Former Maryland Gov. Martin O’Malley followed Sanders’s comments with his own show of support for Black Lives Mater. “The point that the Black Lives Matter movement is making is a very, very legitimate and serious point, and that is, as a nation, we have undervalued… black lives.” O’Malley said.
Activists often take issue with the phrase “all lives matter” because, they argue, it minimizes issues, such as police brutality and institutional racism, specifically afflicting the African-American community more so than other racial or ethnic groups.
That Sanders and O’Malley instantly and forcefully voiced their unequivocal support for Black Lives Matter shows how the social media-fueled civil rights movement has become a new center of gravity for the Democratic party.
Both candidates’ relationships with the movement were formerly considerably more rocky. During the Netroots Nation conference for progressive activists earlier in July, O’Malley was in the middle of being interviewed when a group of activists stormed the room and angrily started questioning the former governor about what he would do on civil rights. “Black lives matter. White lives matter. All lives matter,” O’Malley said, eliciting a chorus of boos.
When Sanders went onstage shortly thereafter, they continued to yell, to which Sanders replied, “If you don’t want me to be here that’s OK. I don’t want to out-scream you.”
Sanders’s was similarly interrupted a few weeks later when activists rushed onstage during a rally in Seattle, shoving the candidate aside to give a speech about police violence against African-Americans and calling the largely white crowd, which was pelting them with jeers for interrupting Sanders, racists. Sanders simply left the stage and elected not to speak.
The conflict between the candidates—especially Sanders, who has spent recent months gaining in the polls—and Black Lives Matter created the narrative of a rift between the largely white standard-bearers of the Democratic party going forward and the traditionally reliable African-American base. High turnout among African-Americans was one of the major factors lifting President Barack Obama to victory. If that support were to wither away, it would complicate any Democrat’s chance of winning the White House.
Sanders, who is running as the strongest progressive in the race, quickly pivoted to include the concerns of Black Lives Matter activists into his core platform. He added a “racial justice” page to his website, with policy proposals echoing many of the concerns of Black Lives Matter activists. He met privately with activists and hired Symone Sanders, a black woman with a background in criminal justice advocacy, as his national press secretary.

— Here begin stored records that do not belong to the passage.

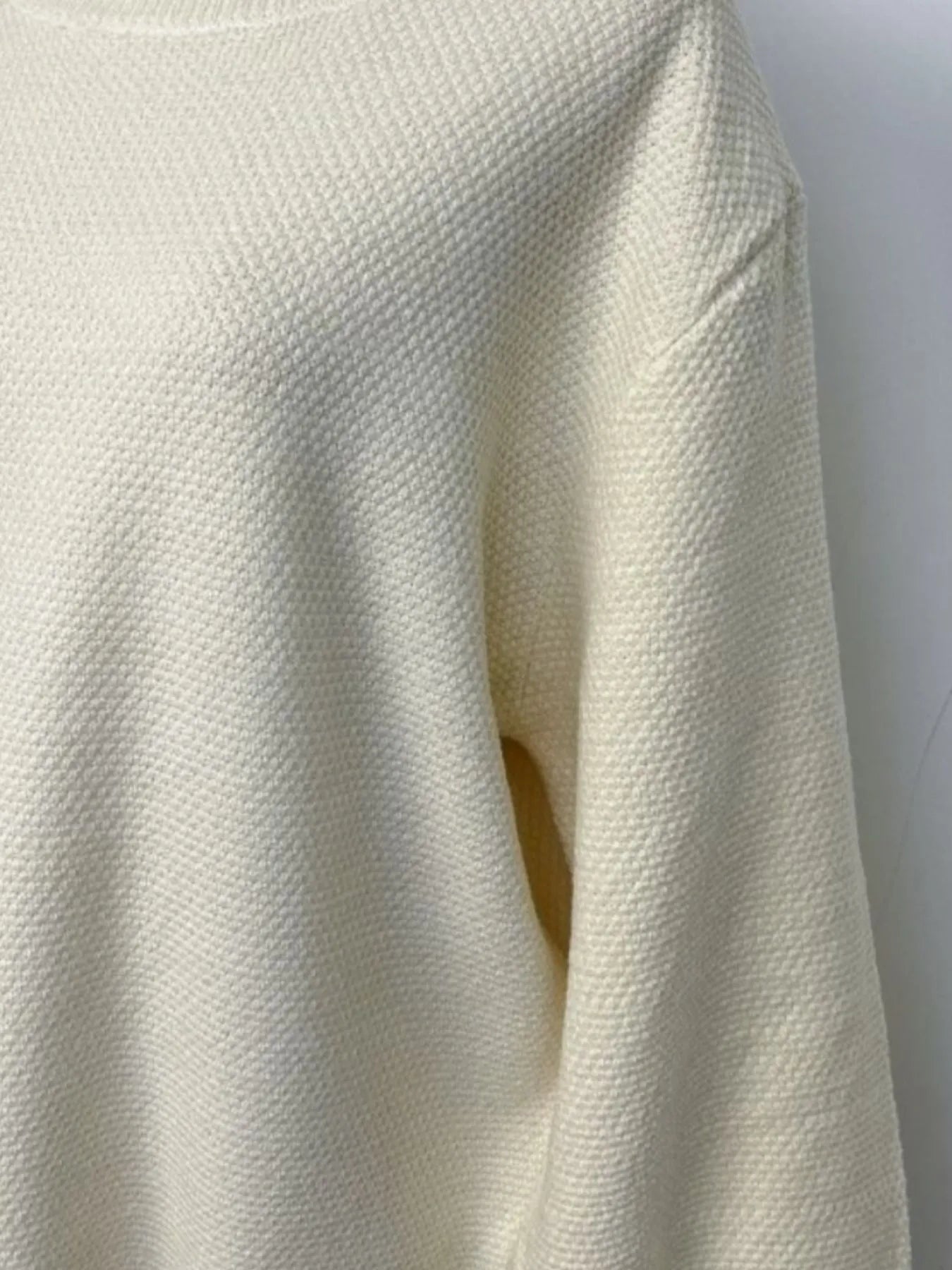 Round Neck Long Sleeve Sweater - Fashorio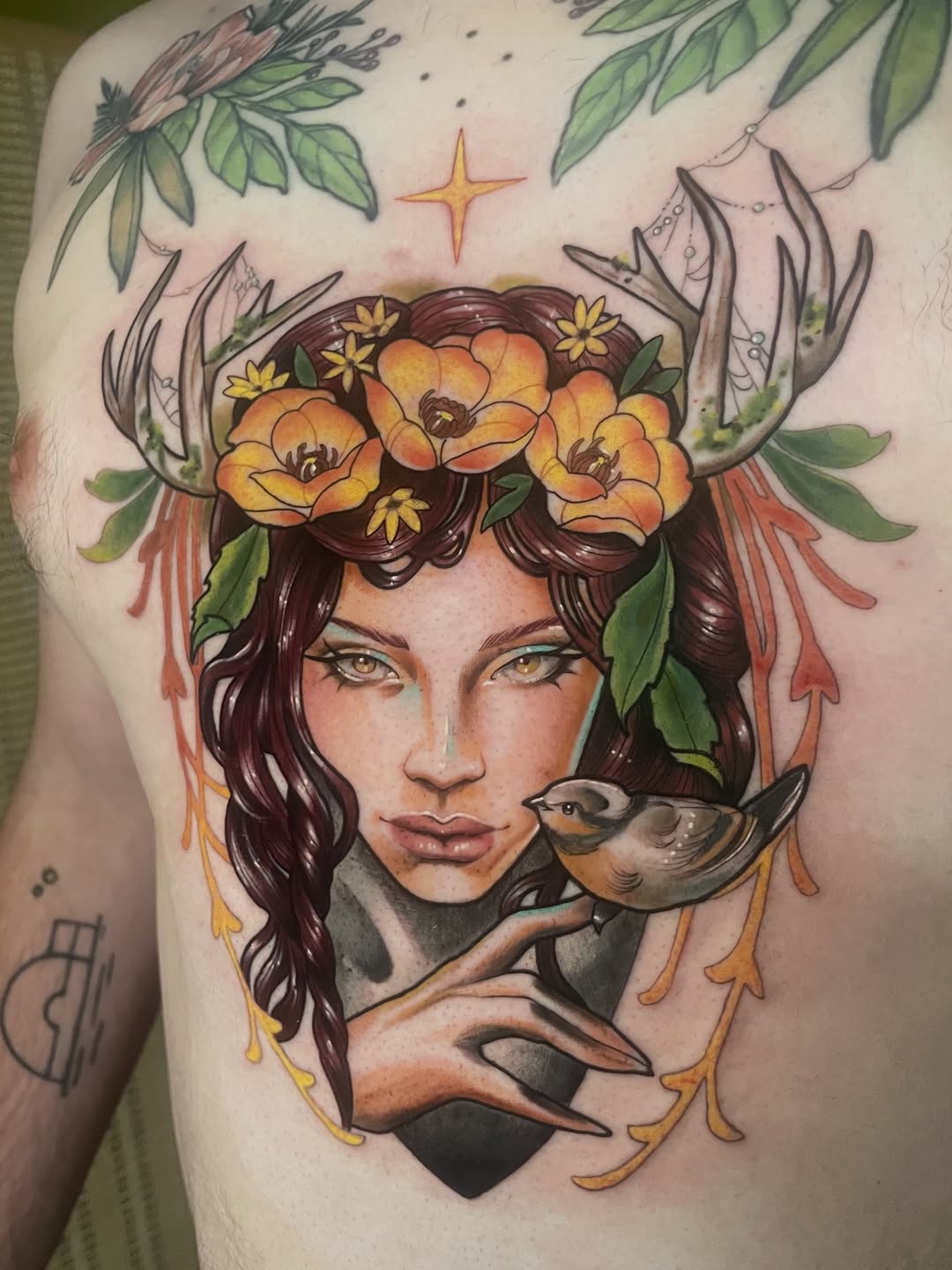 Tattoo by @erinhainestattoos — realism, neo_traditional
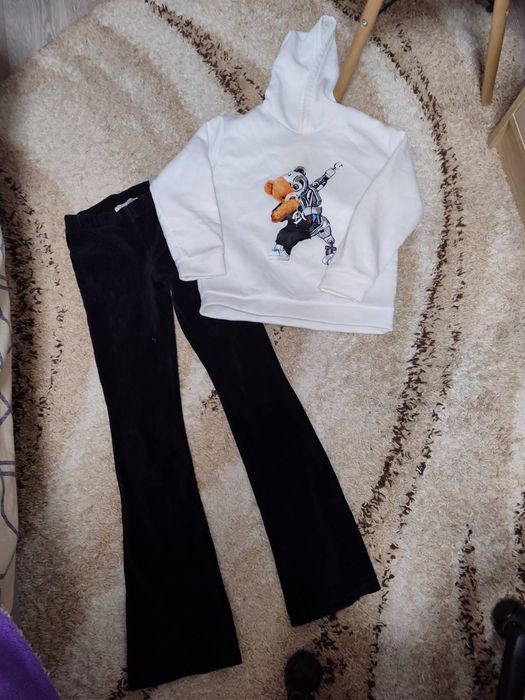 Костюм на дівчинку теплий на флісі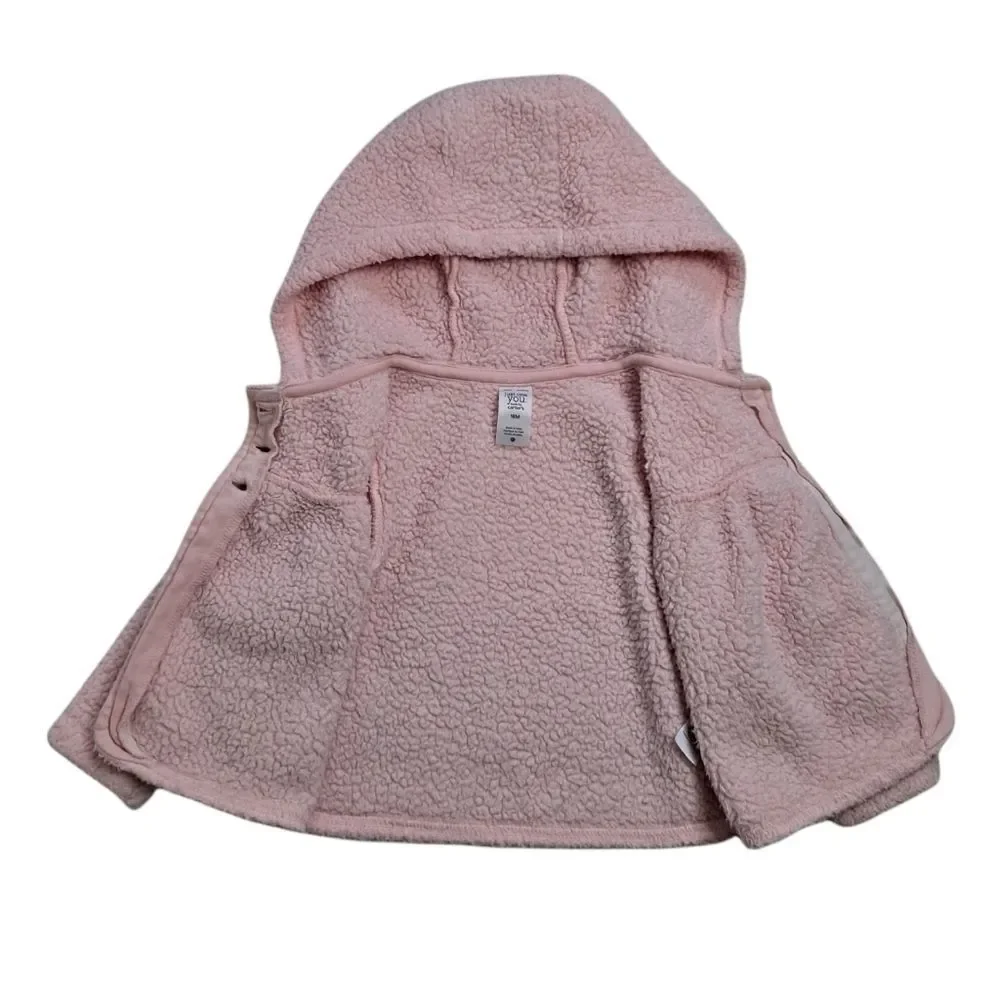 Carter's Hooded Fleece Jacket Pink 18 Month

Going into the debate, the Sanders campaign expected to use the opportunity to talk bout Black Lives Matter. “I think we’re going to talk about issues of importance to the black community,” Sanders’ campaign manager Jeff Weaver told CNN in the hours preceding the debate. “I think we’re going to talk about criminal justice reform. I think we’re going to talk about dealing with systemic racism. I think we’re going to talk about many of the economic issues that are important to African-American voters.”
The debate’s question on Black Lives Matter didn’t just make waves onstage. Immediately following the question, the Google search volume on “Black Lives Matter” immediately skyrocketed.